Task brief ::
Beginning with the line that contains "Ropa interior nueva", print each line to the end of the data exactly. Omit the pictures.
====
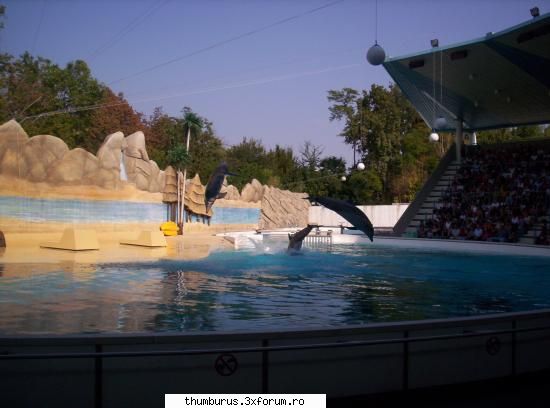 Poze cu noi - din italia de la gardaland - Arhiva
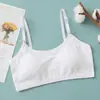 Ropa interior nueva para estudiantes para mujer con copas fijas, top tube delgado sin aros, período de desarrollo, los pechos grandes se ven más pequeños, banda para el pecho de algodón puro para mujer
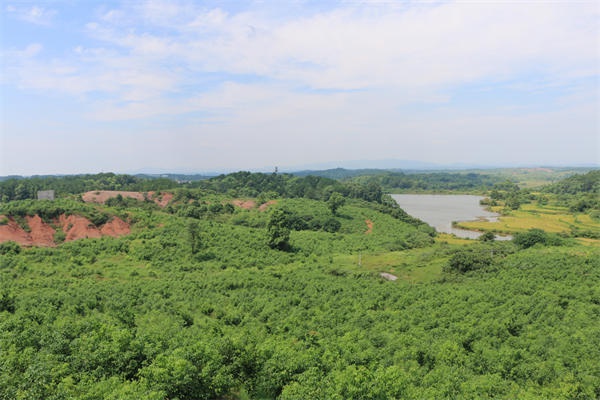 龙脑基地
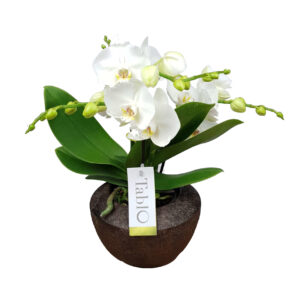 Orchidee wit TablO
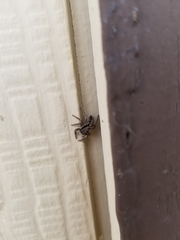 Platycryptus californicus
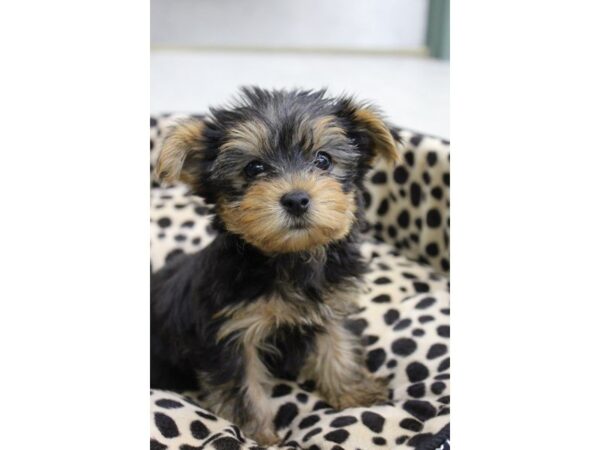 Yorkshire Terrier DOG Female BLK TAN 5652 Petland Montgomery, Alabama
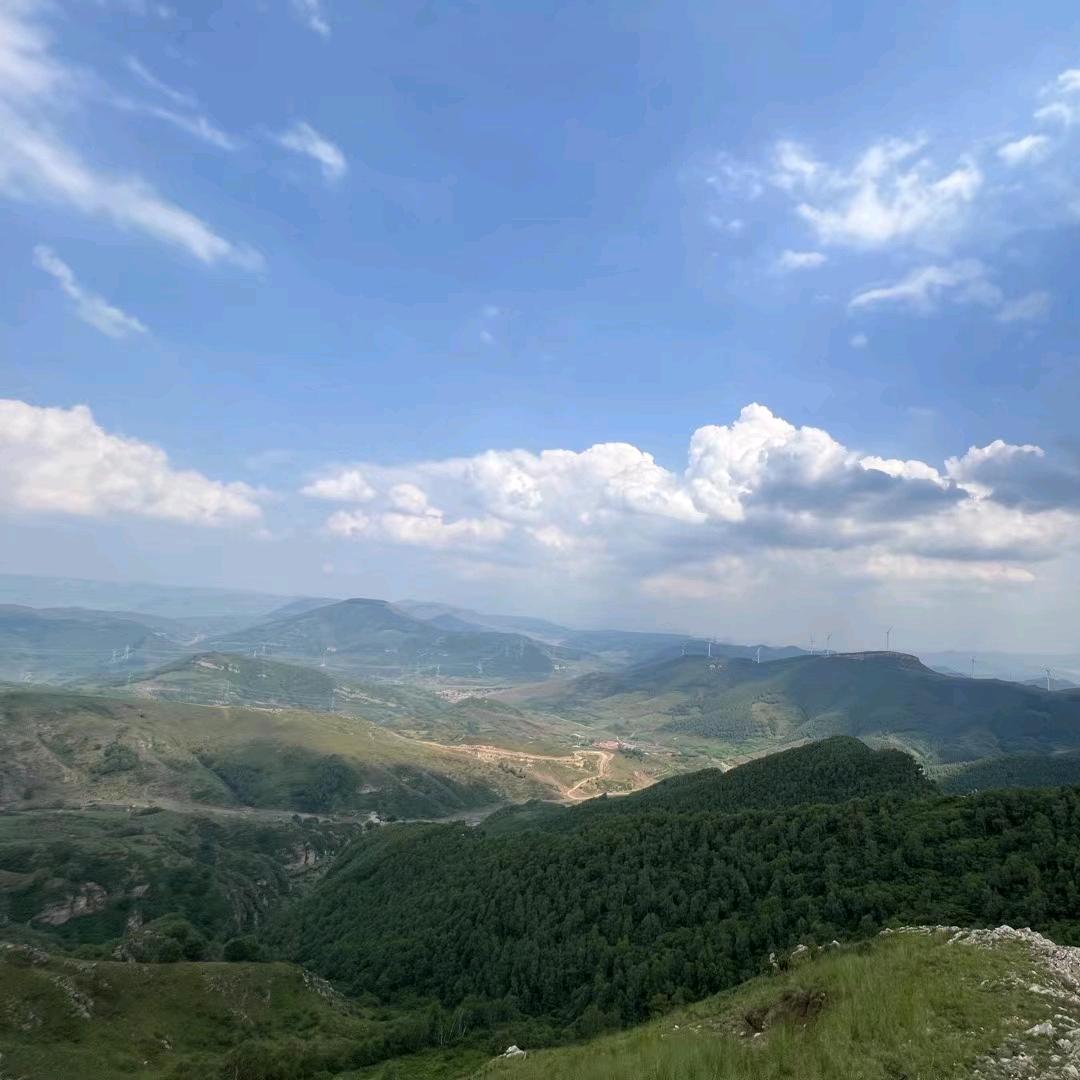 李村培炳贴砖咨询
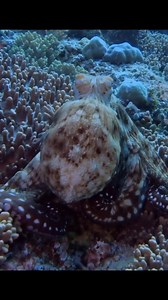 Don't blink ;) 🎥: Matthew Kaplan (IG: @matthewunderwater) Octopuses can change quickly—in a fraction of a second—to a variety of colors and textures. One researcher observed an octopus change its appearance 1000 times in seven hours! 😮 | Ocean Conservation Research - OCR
====
Finished task ::
 Ropa interior nueva para estudiantes para mujer con copas fijas, top tube delgado sin aros, período de desarrollo, los pechos grandes se ven más pequeños, banda para el pecho de algodón puro para mujer
 龙脑基地
 Orchidee wit TablO
 Platycryptus californicus
 Yorkshire Terrier DOG Female BLK TAN 5652 Petland Montgomery, Alabama
 李村培炳贴砖咨询
 Don't blink ;) 🎥: Matthew Kaplan (IG: @matthewunderwater) Octopuses can change quickly—in a fraction of a second—to a variety of colors and textures. One researcher observed an octopus change its appearance 1000 times in seven hours! 😮 | Ocean Conservation Research - OCR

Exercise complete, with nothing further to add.